WHAT TO PRODUCE => Repeat the data that follows in full. Do not include the pictures.

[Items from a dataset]
★ ★ ★ ★
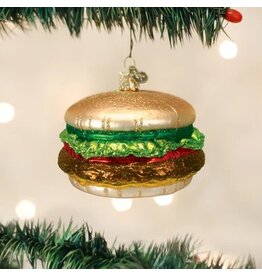 Old World Christmas Ornament Cheeseburger
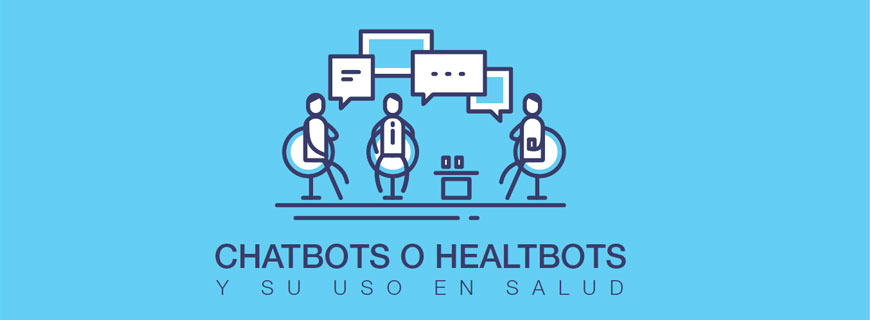 Usos de healtbots en salud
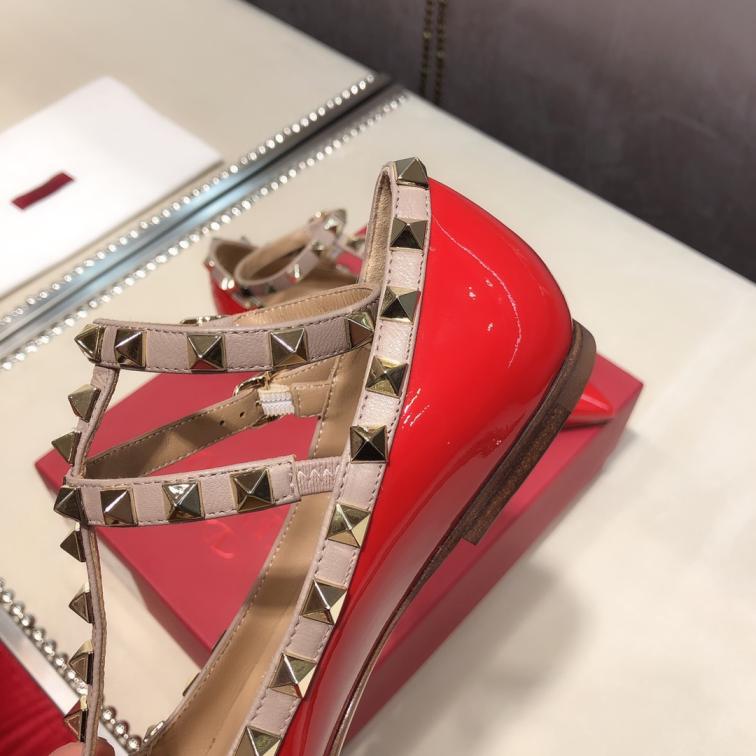 Valentino Garavani “Roman Stud” lady flat shoes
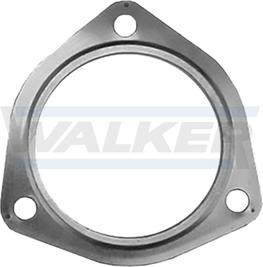 Walker 80256 - Уплътнение, изпускателни тръби vvparts.bg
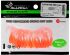Твистер ALLVEGA Flutter Tail Grub 3.5см 0.6гр 15шт/уп #023 crazy carrot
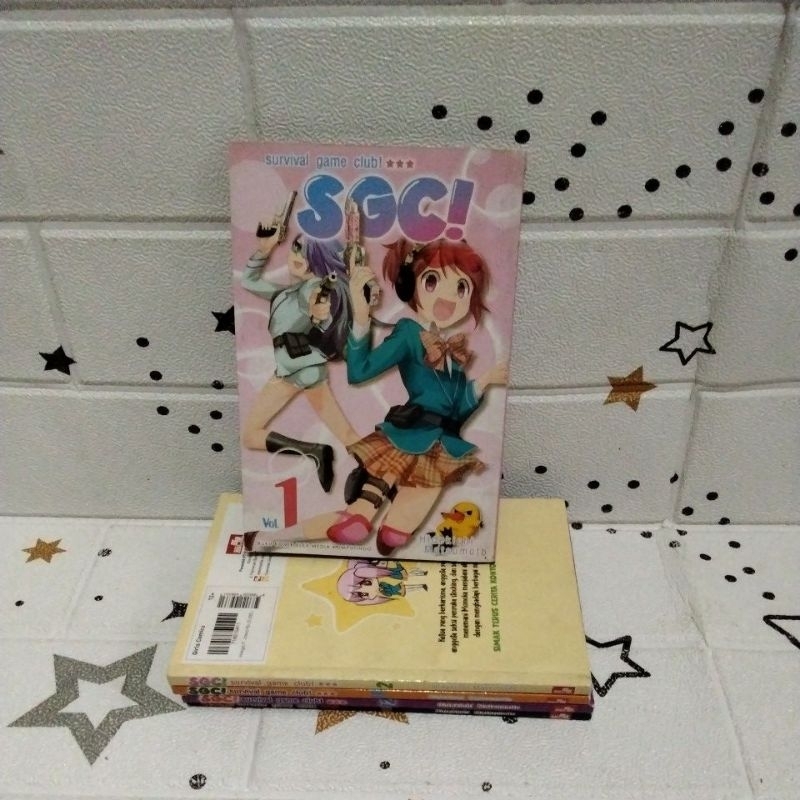 Komik Cabutan Survival Game Club SGC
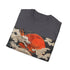 Majestic Japanese Dragon Flight Tee in Charcoal, size S, summer pick.
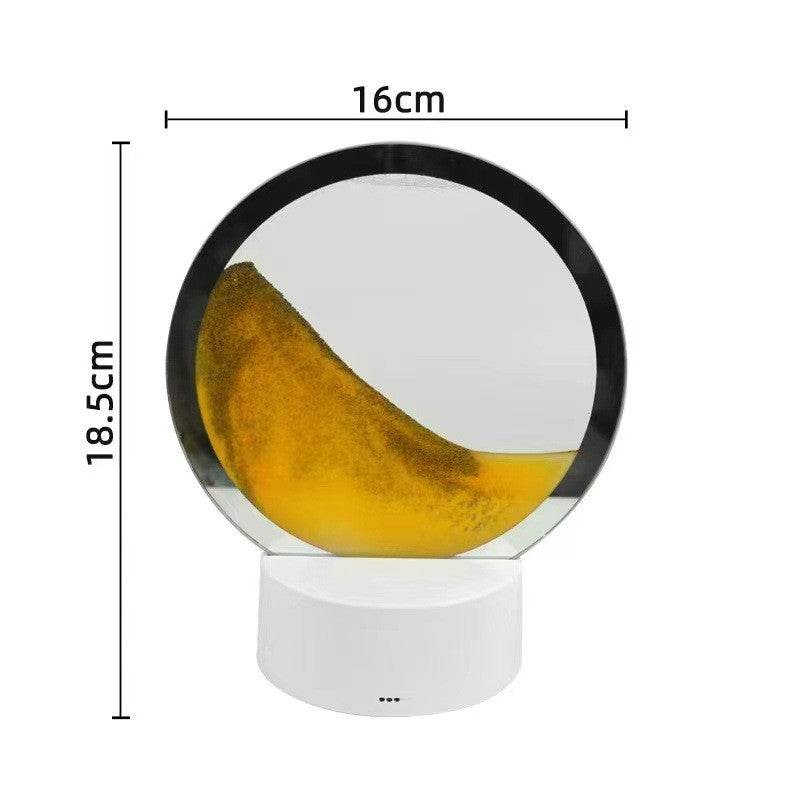 RelaxiLamp - Creative Quicksand Painting Night Light - Goodlifebean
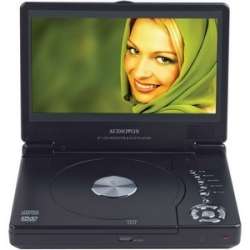 Audiovox D1809 Portable DVD Player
★ ★ ★ ★
ANSWER BOX =>
 Old World Christmas Ornament Cheeseburger
 Usos de healtbots en salud
 Valentino Garavani “Roman Stud” lady flat shoes
 Walker 80256 - Уплътнение, изпускателни тръби vvparts.bg
Твистер ALLVEGA Flutter Tail Grub 3.5см 0.6гр 15шт/уп #023 crazy carrot
 Komik Cabutan Survival Game Club SGC
 Majestic Japanese Dragon Flight Tee in Charcoal, size S, summer pick.
 RelaxiLamp - Creative Quicksand Painting Night Light - Goodlifebean
 Audiovox D1809 Portable DVD Player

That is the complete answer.